We have audited the accompanying statements of net assets available for benefits of the Kforce Government Practice Plan (the Plan) as of December 31, 2017 and 2016 and the related statement of changes in net assets available for benefits for the year ended December 31, 2017, and the related notes (collectively referred to as the financial statements). In our opinion, the financial statements present fairly, in all material respects, the net assets available for benefits of the Plan as of December 31, 2017 and 2016 and the changes in net assets available for benefits for the year ended December 31, 2017 in conformity with accounting principles generally accepted in the United States of America.
Basis for Opinion
These financial statements are the responsibility of the Plan’s management.

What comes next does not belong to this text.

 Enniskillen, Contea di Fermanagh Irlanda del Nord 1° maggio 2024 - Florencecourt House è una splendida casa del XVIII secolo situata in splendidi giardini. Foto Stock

Our responsibility is to express an opinion on the Plan’s financial statements based on our audits. We are a public accounting firm registered with the Public Company Accounting Oversight Board (United States) (PCAOB) and are required to be independent with respect to the Plan in accordance with the U.S. federal securities laws and the applicable rules and regulations of the Securities and Exchange Commission and the PCAOB.
We conducted our audits in accordance with the standards of the PCAOB. Those standards require that we plan and perform the audits to obtain reasonable assurance about whether the financial statements are free of material misstatement, whether due to error or fraud.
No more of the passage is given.